Ah, I was forgetting about that COSC thing. Well, if they are going to get that certificate for this new "Russian" movement, that just shows it is not Russian at all. The COSC certificate is only applied to Swiss made movements and that does mean that the movements have to be made in Switzerland only. So production doesn't remain in Russia, at least when it comes to movements. Case, dials, etc and assembly might be done there and that might be kind of good for Russia as it means more jobs but it's kind of like Apple going to China to assemble the IPhone. I mean, it's also investing the high-tech resources in Switzerland (and I recognize that when it comes to hairsprings that's where the factories are) and keeping Russian labour that is certainly cheaper than Switzerland.

I do hope that my reasoning is completely wrong though...


----------



## chris.ph (Dec 29, 2011)

lampoc empty your pms mate ive a question for you


----------



## Lampoc (Oct 31, 2010)

chris.ph said:


> lampoc empty your pms mate ive a question for you


 Done!


----------



## chris.ph (Dec 29, 2011)

cheers matey, message sent :thumbup:


----------



## Lampoc (Oct 31, 2010)

Kutusov said:


> Ah, I was forgetting about that COSC thing. Well, if they are going to get that certificate for this new "Russian" movement, that just shows it is not Russian at all. The COSC certificate is only applied to Swiss made movements and that does mean that the movements have to be made in Switzerland only. So production doesn't remain in Russia, at least when it comes to movements.

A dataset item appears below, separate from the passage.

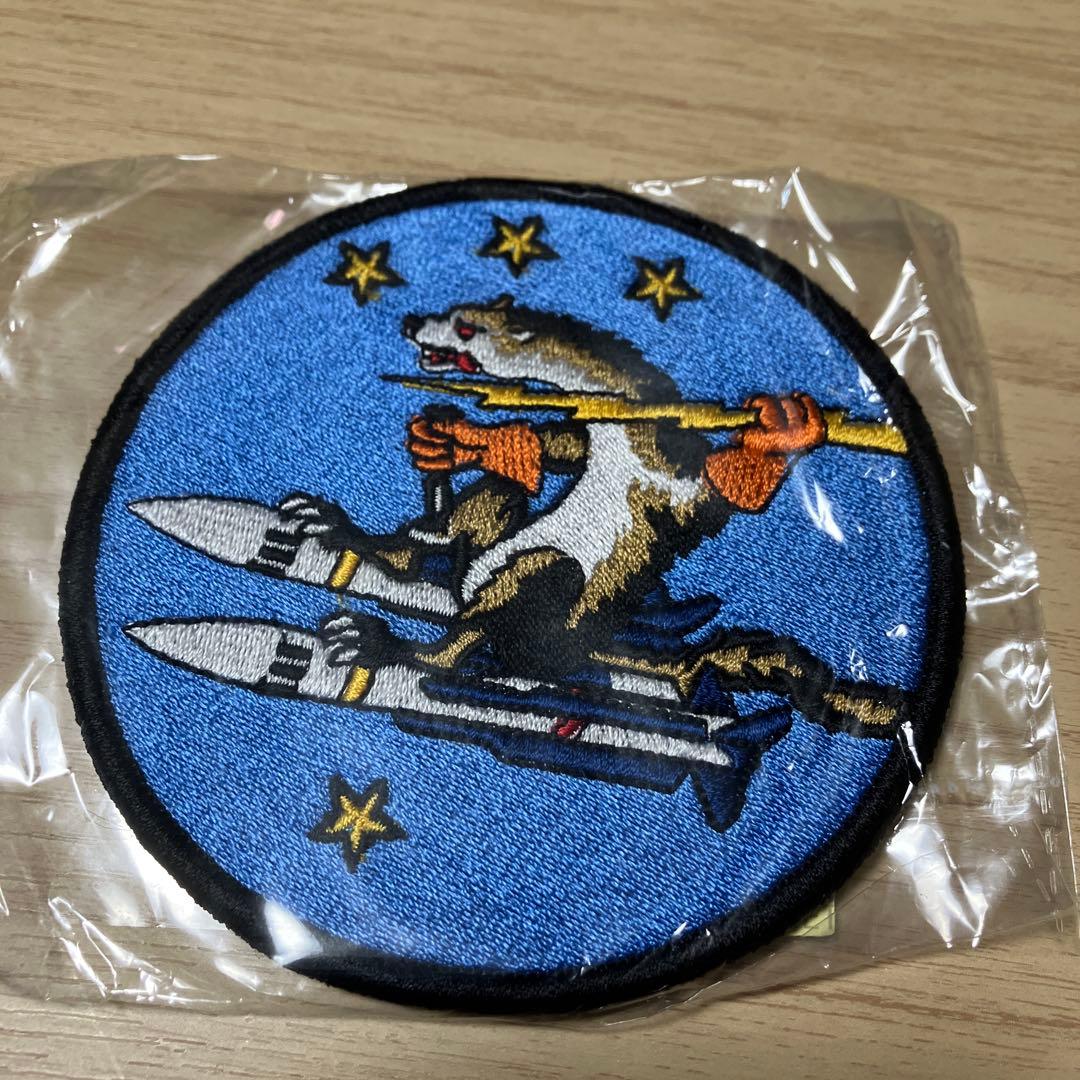PACAF F-16デモチームの パッチセット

 I've honestly no idea how they're doing this despite doing quite a lot of research (I'm laid-up with a dodgy arm right now so have nothing better to do  ). They're certainly making their own movements. Raketa is now owned by a Swiss Count so there must be a loophole somewhere....


----------



## Kutusov (Apr 19, 2010)

Lampoc said:


> (I'm laid-up with a dodgy arm right now so have nothing better to do  ). They're certainly making their own movements. Raketa is now owned by a Swiss Count so there must be a loophole somewhere....


Sorry about your arm, hope it gets better soon.

Well, I won't bother to look into this then, if you couldn't find anything, I also wouldn't be able to. I guess we'll have to wait and see.


----------



## Lampoc (Oct 31, 2010)

Kutusov said:


> Sorry about your arm, hope it gets better soon.


More importantly, which Russian watch do you think would go best with my arm?


----------



## Kutusov (Apr 19, 2010)

Lampoc said:


>


Holy cow! That looks nasty! Well, I guess a Navy Vostok could work, the blue dial would match the blue stitchings :lol:


----------



## chris.ph (Dec 29, 2011)

christ,which one of the sac cooks sowed you up


----------



## luckywatch (Feb 2, 2013)

You want a large bund on that one mate.


----------



## Draygo (Mar 18, 2010)

Lampoc said:


> ...I'm laid-up with a dodgy arm right now ...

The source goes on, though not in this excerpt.